Abstract

In the last decade, we have gained a deeper understanding of innate immune system. The mechanism of the continuous guarding of progressive mutations happening in a single cell was discovered and the production and the recognition of tumor associated antigens by the T-cells and elimination of numerous tumors by immune-editing were further understood. The new discoveries on immune mechanisms and its relation with carcinogenesis have led to development of a new class of drugs called immunotherapeutics. T lymphocyte-associated antigen 4, programmed cell death protein 1, and programmed cell death protein ligand 1 are the classes drugs based on immunologic manipulation and are collectively known as the “checkpoint inhibitors.” Checkpoint inhibitors have shown remarkable antitumor efficacy in a broad spectrum of malignancies; however, the strongest and most durable immune responses do not last long and the more durable responses only occur in a small subset of patients.
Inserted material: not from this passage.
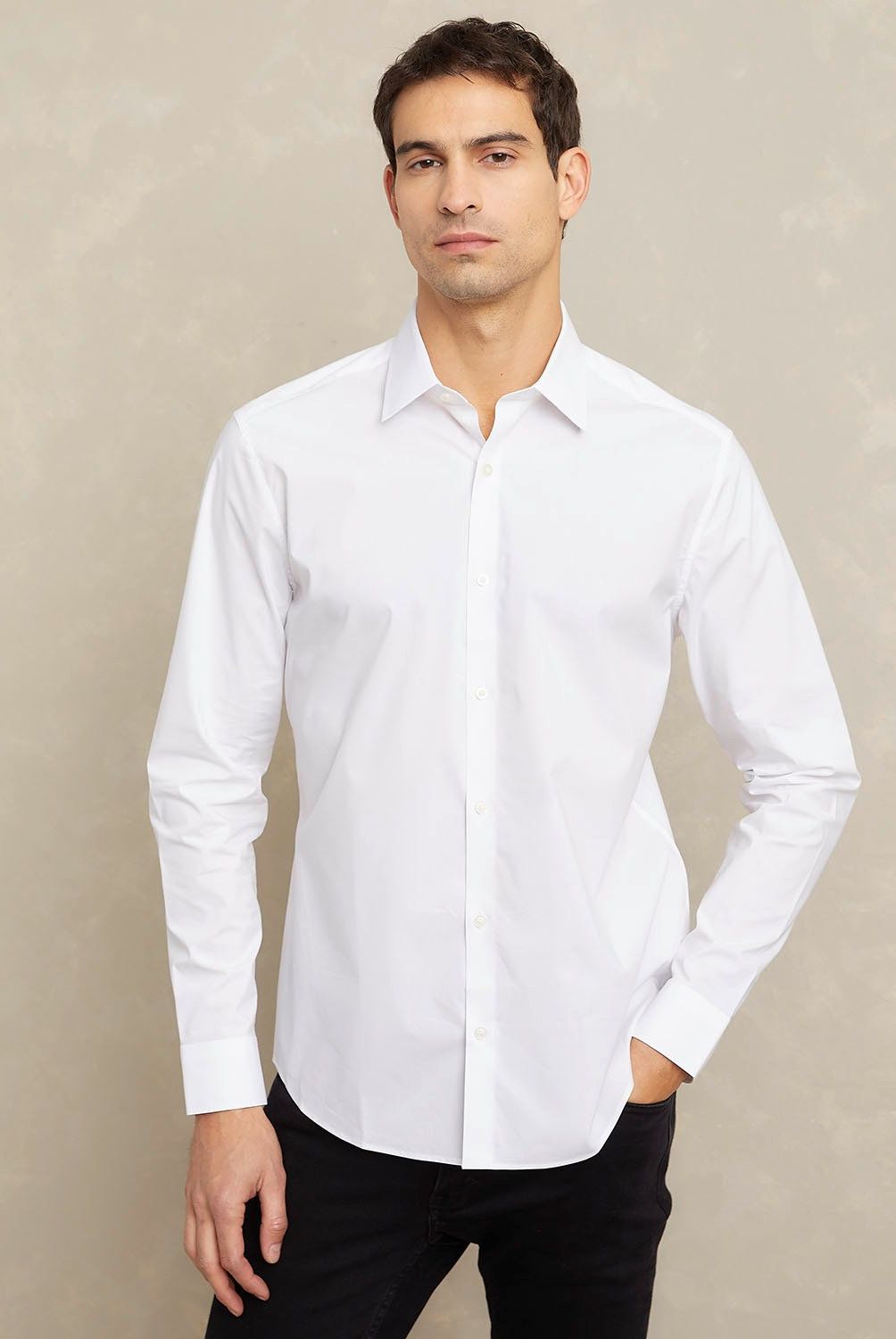 WOLF&HANK - Camisa de Vestir Hombre Wolf&Hank Manga Larga Algodón Lisa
One of the solutions which have been put forth to overcome these challenges is combination strategies. Among the dual use of methods, a backbone with either PD-1 or PD-L1 antagonist drugs alongside with certain cytotoxic chemotherapies, radiation, targeted drugs, and novel checkpoint stimulators is the most promising approach and will be on stage in forthcoming years.

Highlights

  • “Natural forces within us are the true healers of disease” is a famous quote from Hippocrates which refers to the recent renaissance of cancer treatment

  • The encouraging results of ipilimumab in melanoma have been supported by trials with a PD-1 antagonist, and overall advantage of survival in addition to improvement in objective response rate [20] and progression free survival (PFS) were shown in randomized controlled phase III trials of PD-1 antagonists Nivolumab and pembrolizumab [21,22,23,24,25]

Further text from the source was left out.